In India, the abuse of dominance is covered under § 4 of the Indian Competition Act, 2002. The Act prohibits an ‘enterprise’ or a ‘group’ to abuse its dominant position. The term ‘group’, added in 2007 through an amendment refers to entities under the same management rather than those independent of each other. Thus,’ collective dominance’ is not covered under the present Indian law. However, the recent Competition (Amendment) Bill, 2012 seeks to acknowledge this concept by adding the words “singly or jointly” after the word ‘group’ in § 4.

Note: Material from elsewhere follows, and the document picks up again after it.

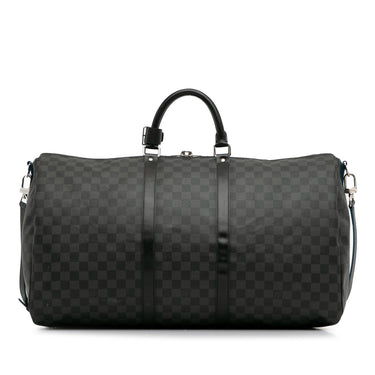 Black Louis Vuitton Damier Graphite Keepall Bandouliere 55 Travel Bag - Designer Revival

The amendment proposing the incorporation of ‘collective dominance’ in India, however, has received mixed response from the academicians as well as legal practitioners. Those advocating the recognition of collective dominance believe that such a step would empower CCI to take stern action in those cases where the unrelated parties implicated are not per se dominant but are so when taken cumulatively. On the other hand, opponents of an express inclusion of ‘collective dominance’ believe that where certain market players come together with an intention to dominate the market, the situation squarely falls within the ambit of ‘anti-competitive’ agreements. Such entities practically constitute a cartel because of the same effect on the market and the customers as alleged in a case of collective dominance. Thus, they argue that ‘collective dominance’ is implicitly covered § 3 (1) and § 3 (2) of the Competition Act. Some also argue that as per §13 of the General Clauses Act, a singular word incorporates its plural within it, and therefore, the words ‘enterprise’ and ‘group’ as mentioned in § 4 of the Indian Competition Act, 2002 mean‘enterprises’ and ‘groups’. Hence, the concept of ‘collective dominance’ already exists in India and incorporating it via an amendment would rather be a redundant exercise.
Further, other opponents argue that the concept of collective dominance, which owes its origin to Europe, cannot be extrapolated to India owing to the developing economy of the country and the nascent regime of competition law.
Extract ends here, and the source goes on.